Punitive Damages: Your Worst Nightmare

By Metcalf, Slade | Folio: the Magazine for Magazine Management, August 1, 1990 | Go to article overview

Punitive Damages: Your Worst Nightmare


Metcalf, Slade, Folio: the Magazine for Magazine Management


The frightening vision of a massive punitive damage award could become a living nightmare for some magazine editors and publishers. In 1987, a Federal appellate court upheld a $2,050,000 award of punitive damages against CBS based on a news broadcast on the CBS television station in Chicago, and last year, the United States Supreme Court refused to disturb a $2,000,000 punitive award against the publish of The Pittsburgh Post-Gazette. These sizable awards have caught the attention of more than a few editors.

Some years ago, the Supreme Court implied that it might find punitive damages in a libel context to be unconstitutional as a violation of the First, Fifth and Fourteenth Amendments. Last April, the Court agreed to hear an appeal by a California life insurance company from a 1.04 million Alabama jury award, which included an unspecified amount of punitive damages. Arguments are scheduled for fall 1990; a decision is likely in spring 1991. However the Supreme Court rules on this case, we are stuck in the meantime withthe chilling specter of punitive damages.

The calamitous and unforeseen nature of this type of award is particularly harmful since there iS USUallY no reasonable relationship between the size of the compensatory damage award (i.e., the amount of money to make the injured party whole") and the amount of the punitive award.
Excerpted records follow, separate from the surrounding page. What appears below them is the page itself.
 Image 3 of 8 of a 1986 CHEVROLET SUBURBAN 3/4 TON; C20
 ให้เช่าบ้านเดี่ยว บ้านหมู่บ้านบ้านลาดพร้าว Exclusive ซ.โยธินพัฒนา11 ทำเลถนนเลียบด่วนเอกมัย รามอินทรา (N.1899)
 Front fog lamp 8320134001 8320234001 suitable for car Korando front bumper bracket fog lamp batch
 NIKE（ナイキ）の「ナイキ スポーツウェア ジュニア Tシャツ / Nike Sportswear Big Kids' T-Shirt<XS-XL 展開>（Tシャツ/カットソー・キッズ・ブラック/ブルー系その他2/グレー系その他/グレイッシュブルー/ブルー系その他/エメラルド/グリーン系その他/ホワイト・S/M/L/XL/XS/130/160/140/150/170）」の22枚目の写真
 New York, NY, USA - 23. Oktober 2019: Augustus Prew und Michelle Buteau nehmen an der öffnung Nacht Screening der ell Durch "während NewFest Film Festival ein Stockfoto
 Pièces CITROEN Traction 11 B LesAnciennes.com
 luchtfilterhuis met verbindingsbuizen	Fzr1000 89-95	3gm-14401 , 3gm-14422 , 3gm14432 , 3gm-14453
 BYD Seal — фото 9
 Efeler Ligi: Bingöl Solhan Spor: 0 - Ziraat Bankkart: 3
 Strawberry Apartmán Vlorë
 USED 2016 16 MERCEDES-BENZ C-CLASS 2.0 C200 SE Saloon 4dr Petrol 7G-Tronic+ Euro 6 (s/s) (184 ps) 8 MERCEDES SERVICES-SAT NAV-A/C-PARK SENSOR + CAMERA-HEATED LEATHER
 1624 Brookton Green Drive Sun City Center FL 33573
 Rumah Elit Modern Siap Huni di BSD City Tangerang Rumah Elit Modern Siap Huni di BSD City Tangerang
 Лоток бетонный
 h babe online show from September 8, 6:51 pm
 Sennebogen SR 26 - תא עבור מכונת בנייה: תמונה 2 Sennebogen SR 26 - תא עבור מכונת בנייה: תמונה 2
Also, the punitive award may be imposed and premised on acts of an employee that were neither authorized by nor even known to the employer.

The size of punitive damage awards clearly encourages potential libel plaintiffs and their attorneys to sue the publisher for libel, even though the person's actual injuries may be insignificant. As one Federal appellate court judge wrote recently, "One of the most unseemly features of our current legal system is its tendency to promote litigation as high-stakes gambling. A winner can gain the keys to the corporate treasury, if he has the good fortune to obtain the right lawyer, the right jury and the right forum. Punitive damages are a key feature of the abuse of the litigation process."

How, then, do magazine publishers protect themselves from these potentially ruinous judgments? The most obvious answer is to maintain tight control over the magazine's verification procedures to ensure the accuracy and fairness of the editorial product. But, despite all the editor's careful review, the detailed fact checking and expensive legal consultation, on occasion a major editorial error happens and a libel suit ensues. For example, a staff writer or freelancer completely ignored a significant document on her or his desk that would have made the article more accurate or fairer. As the pre-trial discovery in the libel suit progresses, the plaintiff and his attorney foresee greener and greener pastures at the end, of a jury trial. And as a result, they refuse to settle the case.

Are you insured?

Will your libel insurance policy cover the impending award of punitive damages? Maybe yes, maybe no. Most insurance companies that cover editorial-related claims are prevented from extending coverage for punitive damages in states such as California and New York) where the declared public policy precludes the insurability of such damages. As recently as 1987, a California appellate court stated that "under California law, an insurance carrier is not liable for any portion of a judgment rendered against its insured for punitive or exemplary damages. "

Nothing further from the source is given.